Saturday, March 28, 2009

Distancing Bill O'Reilly: Walking Away From Hearst Journalism Tactics

Remember the movie Citizen Kane? It's always listed as one of the top 10 great movies. Millions of people have seen it. But there was a time when it wasn't shown in certain theaters. The reason: it came too close to the image of someone still living - William Randolph Hearst, at one time, the most powerful man in America. Hearst's newspapers barely mentioned the flick. Theater chains were afraid to present it.

People are going to pillory me about this analogy, but, in a way, I don't really care. Kane was about a personality who became larger than life. William Randolph Hearst WAS larger than life.

Here's an oft-repeated story (but true): Famous artist Frederick Remington worked for Hearst newspapers and was sent to Cuba to view and send back drawings of the "conflict" there. "Mr. Hearst," he wrote back, "there's really nothing here. No battle, no conflict, no war. I'm trying to be considerate to the newspaper budget when I suggest I come back to the states to work on something else." Hearst shot back: "Do not leave! You provide the pictures. I'll provide the war!"

In a sense, this is what O'Reilly does. He piles on loads of misinformation, works up a subject, then tries to suppress dissent. HE will spout about something, build it up (as Hearst did) then make sure that people will be too afraid of his harassment to put things in the proper perspective.

Hearst, Kane and O'Reilly: three personalities steeped in the media and called journalists. Not! Hearst made wars when he wanted them, but he was no journalist. Kane wanted control of everything, but he was no journalist. Now Bill O'Reilly uses questionable (and possibly criminal) tactics on his dissenters, but he is certainly no journalist. He is a pundit. He is the trumpet in the brass section of a symphony that, because he only cares about himself, blows louder (and more off-key) than all the other instruments, souring the orchestra, the composer and the audience.

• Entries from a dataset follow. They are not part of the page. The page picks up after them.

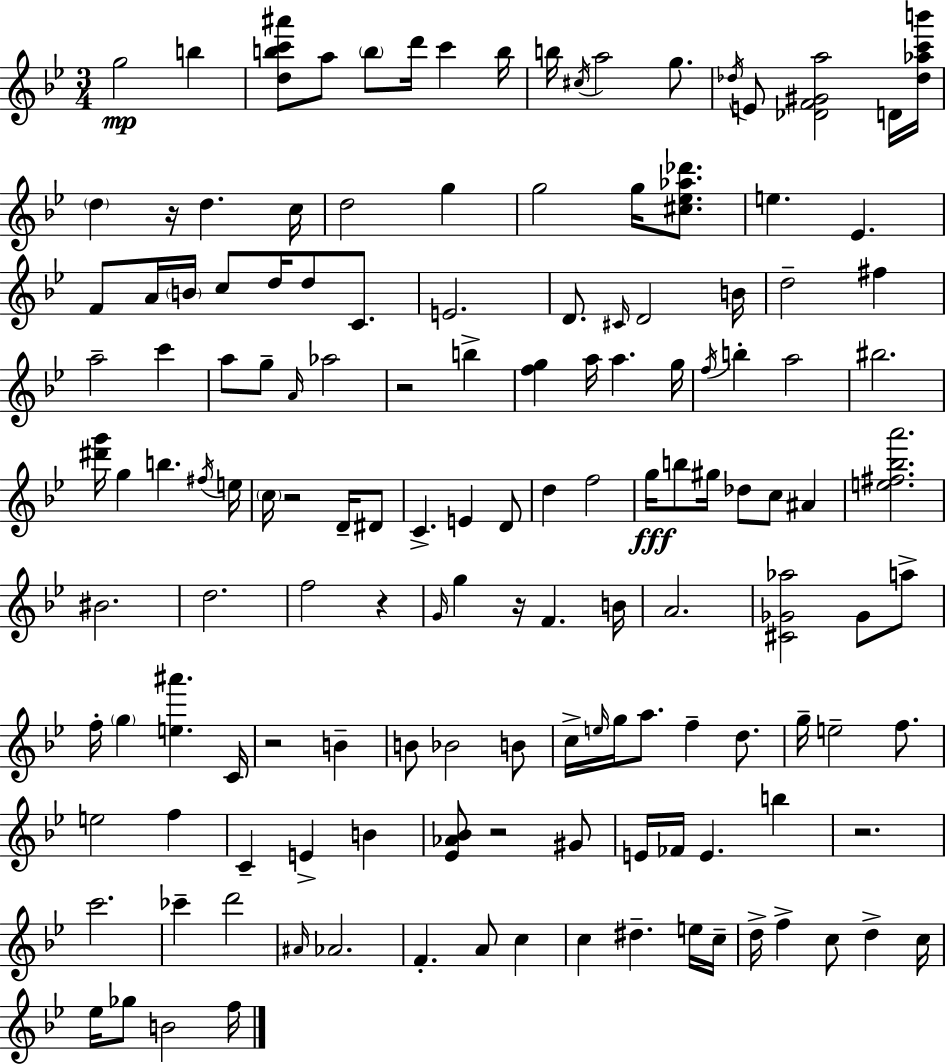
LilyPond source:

{
  \clef treble
  \numericTimeSignature
  \time 3/4
  \key bes \major
  g''2\mp b''4 | <d'' b'' c''' ais'''>8 a''8 \parenthesize b''8 d'''16 c'''4 b''16 | b''16 \acciaccatura { cis''16 } a''2 g''8. | \acciaccatura { des''16 } e'8 <des' f' gis' a''>2 | \break d'16 <des'' aes'' c''' b'''>16 \parenthesize d''4 r16 d''4. | c''16 d''2 g''4 | g''2 g''16 <cis'' ees'' aes'' des'''>8. | e''4. ees'4. | \break f'8 a'16 \parenthesize b'16 c''8 d''16 d''8 c'8. | e'2. | d'8. \grace { cis'16 } d'2 | b'16 d''2-- fis''4 | \break a''2-- c'''4 | a''8 g''8-- \grace { a'16 } aes''2 | r2 | b''4-> <f'' g''>4 a''16 a''4. | \break g''16 \acciaccatura { f''16 } b''4-. a''2 | bis''2. | <dis''' g'''>16 g''4 b''4. | \acciaccatura { fis''16 } e''16 \parenthesize c''16 r2 | \break d'16-- dis'8 c'4.-> | e'4 d'8 d''4 f''2 | g''16\fff b''8 gis''16 des''8 | c''8 ais'4 <e'' fis'' bes'' a'''>2. | \break bis'2. | d''2. | f''2 | r4 \grace { g'16 } g''4 r16 | \break f'4. b'16 a'2. | <cis' ges' aes''>2 | ges'8 a''8-> f''16-. \parenthesize g''4 | <e'' ais'''>4. c'16 r2 | \break b'4-- b'8 bes'2 | b'8 c''16-> \grace { e''16 } g''16 a''8. | f''4-- d''8. g''16-- e''2-- | f''8. e''2 | \break f''4 c'4-- | e'4-> b'4 <ees' aes' bes'>8 r2 | gis'8 e'16 fes'16 e'4. | b''4 r2. | \break c'''2. | ces'''4-- | d'''2 \grace { ais'16 } aes'2. | f'4.-. | \break a'8 c''4 c''4 | dis''4.-- e''16 c''16-- d''16-> f''4-> | c''8 d''4-> c''16 ees''16 ges''8 | b'2 f''16 \bar "|."
}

He is currently the only pundit who employs "henchmen" to run down dissenters and publicly harass them. He's giving ideas to the likes of Michelle Malkin, Ann Coulter, Sean Hannity and Glen Beck. has been attacked by O'Reilly and it's managing editor, Amanda Terkel, was harassed by Jesse Watters, a producer of O'Reilly's show.

Sadly, Amanda is just one of at least 40 different victims of O’Reilly’s Harassment Machine. O’Reilly has hired producers whose job is to track, harass, and intimidate anyone whom O’Reilly perceives as an opponent. That’s not “journalism” — that’s a mafia-style operation. And we need to put an end to it.

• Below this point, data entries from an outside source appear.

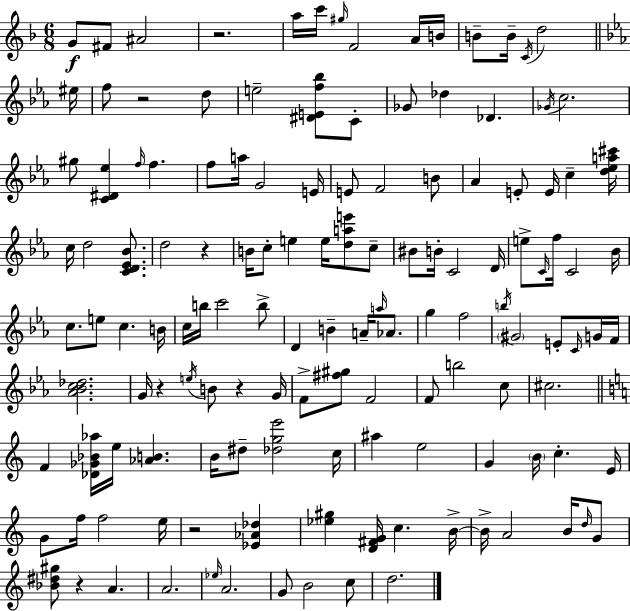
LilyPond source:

{
  \clef treble
  \numericTimeSignature
  \time 6/8
  \key f \major
  g'8\f fis'8 ais'2 | r2. | a''16 c'''16 \grace { gis''16 } f'2 a'16 | b'16 b'8-- b'16-- \acciaccatura { c'16 } d''2 | \break \bar "||" \break \key ees \major eis''16 f''8 r2 d''8 | e''2-- <dis' e' f'' bes''>8 c'8-. | ges'8 des''4 des'4. | \acciaccatura { ges'16 } c''2. | \break gis''8 <c' dis' ees''>4 \grace { f''16 } f''4. | f''8 a''16 g'2 | e'16 e'8 f'2 | b'8 aes'4 e'8-. e'16 c''4-- | \break <d'' ees'' a'' cis'''>16 c''16 d''2 | <c' d' ees' bes'>8. d''2 r4 | b'16 c''8-. e''4 e''16 <d'' a'' e'''>8 | c''8-- bis'8 b'16-. c'2 | \break d'16 e''8-> \grace { c'16 } f''16 c'2 | bes'16 c''8. e''8 c''4. | b'16 c''16 b''16 c'''2 | b''8-> d'4 b'4-- | \break a'16-- \grace { a''16 } aes'8. g''4 f''2 | \acciaccatura { b''16 } \parenthesize gis'2 | e'8-. \grace { c'16 } g'16 f'16 <aes' bes' c'' des''>2. | g'16 r4 | \break \acciaccatura { e''16 } b'8 r4 g'16 f'8-> <fis'' gis''>8 | f'2 f'8 b''2 | c''8 cis''2. | \bar "||" \break \key c \major f'4 <des' ges' bes' aes''>16 e''16 <aes' b'>4. | b'16 dis''8-- <des'' g'' e'''>2 c''16 | ais''4 e''2 | g'4 \parenthesize b'16 c''4.-. e'16 | \break g'8 f''16 f''2 e''16 | r2 <ees' aes' des''>4 | <ees'' gis''>4 <d' fis' g'>16 c''4. b'16->~~ | b'16-> a'2 b'16 \grace { d''16 } g'8 | \break <bes' dis'' gis''>8 r4 a'4. | a'2. | \grace { ees''16 } a'2. | g'8 b'2 | \break c''8 d''2. | \bar "|."
}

ThinkProgess' campaign against O'Reilly's tactics has worked so far (UPS has pulled out as a sponsor of the Fox show) but O'Reilly's "journalism" has to stop, or someone is going to get hurt.

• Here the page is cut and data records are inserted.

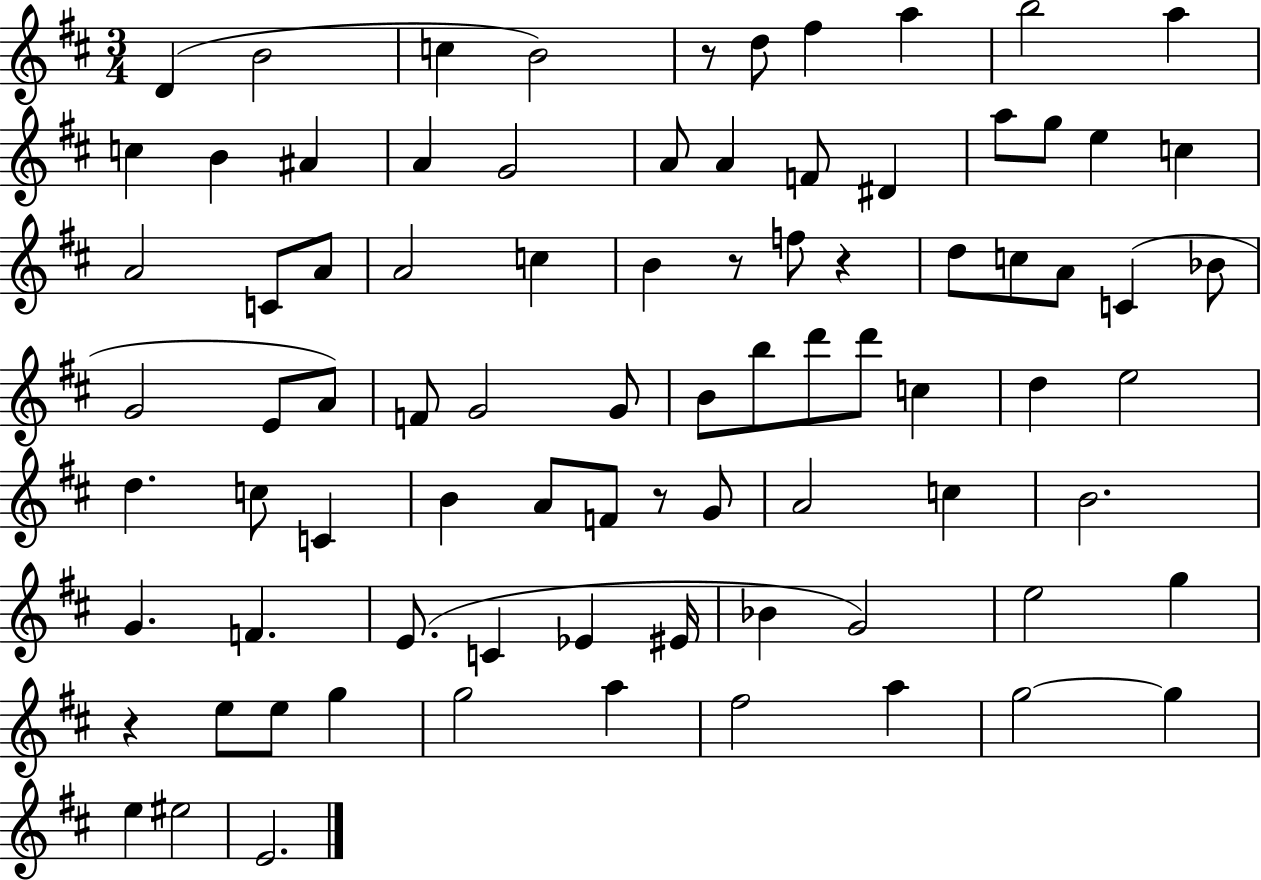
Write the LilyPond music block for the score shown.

{
  \clef treble
  \numericTimeSignature
  \time 3/4
  \key d \major
  d'4( b'2 | c''4 b'2) | r8 d''8 fis''4 a''4 | b''2 a''4 | \break c''4 b'4 ais'4 | a'4 g'2 | a'8 a'4 f'8 dis'4 | a''8 g''8 e''4 c''4 | \break a'2 c'8 a'8 | a'2 c''4 | b'4 r8 f''8 r4 | d''8 c''8 a'8 c'4( bes'8 | \break g'2 e'8 a'8) | f'8 g'2 g'8 | b'8 b''8 d'''8 d'''8 c''4 | d''4 e''2 | \break d''4. c''8 c'4 | b'4 a'8 f'8 r8 g'8 | a'2 c''4 | b'2. | \break g'4. f'4. | e'8.( c'4 ees'4 eis'16 | bes'4 g'2) | e''2 g''4 | \break r4 e''8 e''8 g''4 | g''2 a''4 | fis''2 a''4 | g''2~~ g''4 | \break e''4 eis''2 | e'2. | \bar "|."
}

An enterprising person used Google to find out what many Americans think of Bill O'Reilly. The results are funny as well as astounding. Sorry about the poor readability of the gif, but I couldn't get better resolution. Anyway, the most results for "Bill O'Reilly is..." are very telling: Highest: "Republican" (2,340,000 results), then "racist" (818,000), "joke" (809,000), "idiot" (654,000) and "insane" (424,000). I'm going to do the same for Ann Coulter and see what happens. Wish me luck.